The view should have been spectacular, but even where night had yet to fall the Peninsula was hidden under a blanket of monsoon cloud. Since the world huddled close to Swan in its orbit, monsoon season came once every hundred days or so, lasting no more than ten or fifteen days each short year. Above the sharply curved horizon the sky had darkened through shades of blue towards a deep navy. I could see bright stars now, and overhead lay the single fixed star of the orbital station at the high end of the thread, still a long way above us. I considered sleeping for a few hours, my soldiering years having given me an almost animal ability to snap into a state of total alertness. I swirled what remained of the drink and took another sip. Now that I had made up my mind, I felt fatigue rushing over me like a damburst. It was always there, waiting for the slightest relaxation in my guard.

“Sir?”

I flinched again, only slightly this time, for I recognised the voice of the servitor. The machine’s cultured voice continued, “Sir, there is a call for you from the surface. I can have it sent through to your quarters, or you may view it here.”

I thought about going back to my room, but it was a shame to lose the view. “Put it through,” I said. “But terminate the call should anyone else start coming up the stairs.”

“Very well, sir.”

Dieterling, of course—it had to be. He wouldn’t have had time to get back to the Reptile House, although by my estimate he should have been about two-thirds of the way there. A shade early for him to try and contact me—and I hadn’t expected any contact anyway—but it was nothing to feel any anxiety about.

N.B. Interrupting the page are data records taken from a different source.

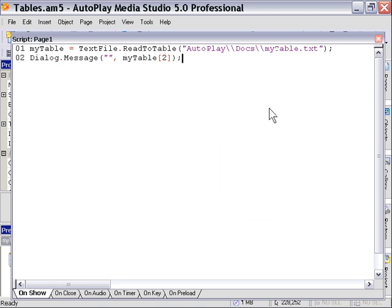So if you like to use the action wizard especially to just be able to click and add actions, you'll really enjoy using the text file read to table and text file write from table actions. So I encourage you to go ahead and check those out and see how they fit into your projects. Let's go ahead to the next lesson.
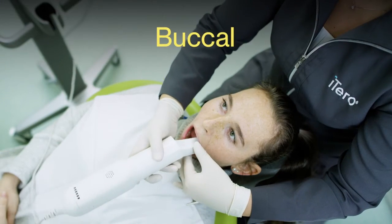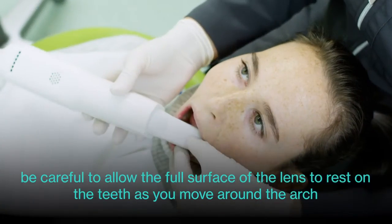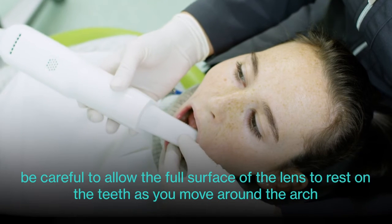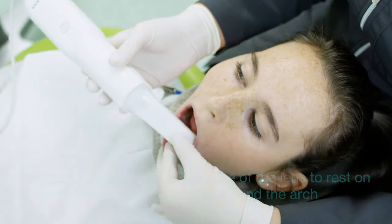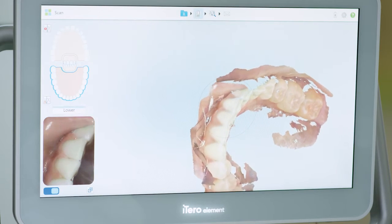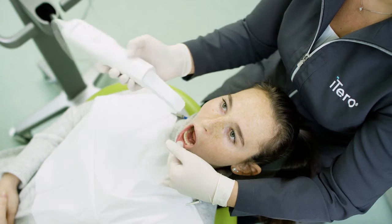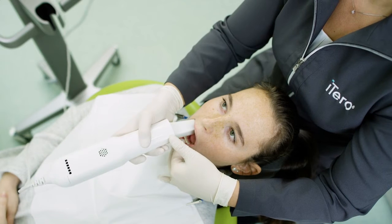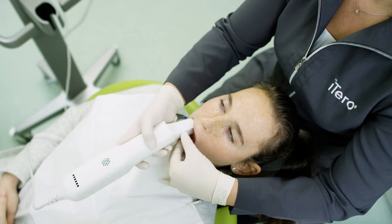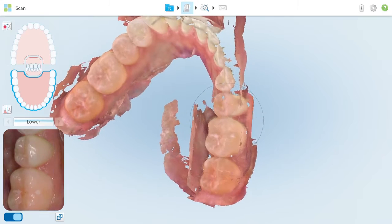After completing the lingual, rotate to the buccal and move towards the anterior, being careful to capture the interproximal anatomy. Moving from posterior to anterior when scanning the buccal surface reduces the interference from the cheek and provides a smoother scanning experience.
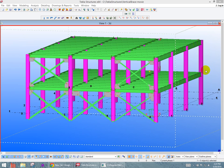Welcome. In this video, I'll be demonstrating the Risa Tecla Link version 4.0. In version 4.0, we added vertical braces.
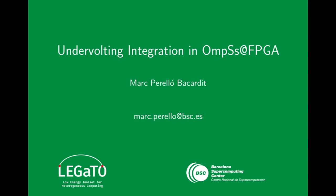Hello, my name is Marc Preljot and I'm going to present my current work involving the integration of undervolting to the OmpSs@FPGA environment.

But instead, the face and shoulders that appeared in the elevator’s window belonged to Red Hand Vasquez. Somewhere in the room a camera must have been capturing me and adjusting my image to make it seem as if we were standing face to face, for he looked me straight in the eye.

“Tanner. Listen to me, man.”

“I’m listening,” I said, wondering if the irritation I felt was obvious in my voice. “What was so important that you needed to reach me here, Red?”

“Fuck you, Mirabel. You won’t be smiling in about thirty seconds.” But the way he said it made it seem less like a threat than a warning to prepare for bad news.

“What is it? Reivich pulled another fast one on us?”

“I don’t know. I had some guys make some more enquiries and I’m damn sure he’s on that thread, the way you think he is—a car or two ahead of you.”

“Then that isn’t why you’re calling.”

“No. I’m calling because someone’s killed Snake.”

I answered reflexively, “Dieterling?”

As if it could be anyone else.

Vasquez nodded. “Yeah. One of my guys found him about an hour ago, but he didn’t know who he was dealing with, so it took a while for the news to get back to me.”

My mouth seemed to form the words without conscious input from my mind. “Where was he? What had happened?”

“He was in your car, the wheeler—still parked on Norquinco. You couldn’t see there was anyone in it from the street; you had to look inside deliberately. My guy was just checking out the machine. He found Dieterling slumped down inside. He was still breathing.”

“What happened?”

“Someone shot him. Must’ve waited near where the wheeler was parked, then hung around until Dieterling got back from the bridge. Dieterling must have just got in the wheeler, getting ready to leave.”

“How was he shot?”

“I don’t know man; it’s not like I’m running an autopsy clinic here, you know?” Vasquez bit his lip before continuing, “Some kind of beam job, I think. Close range into the chest.”

I glanced down at the guindado I still held. It felt absurd to be standing here talking about my friend’s death with a cocktail drink in one hand, as if the matter was only a piece of easy smalltalk. But there was nowhere nearby to put the drink down.

I took a sip and answered him with a coldness that surprised me. “I prefer beam weapons myself, but they’re not what I’d use if I wanted to kill someone without making a fuss. A beam weapon creates more flash than most projectile weapons.”

“Unless it’s very close range; like a stabbing. Look, I’m sorry, man, but it looks like that’s how it happened. The barrel must’ve been pushed right into his clothes. Hardly any light or noise—and what there was would’ve been hidden by the wheeler. There was a lot of partying going on anyway tonight. Somebody started a fire near the bridge, and that was all the excuse the locals needed for a wild night. I don’t think anyone would’ve noticed a beam discharge, Tanner.”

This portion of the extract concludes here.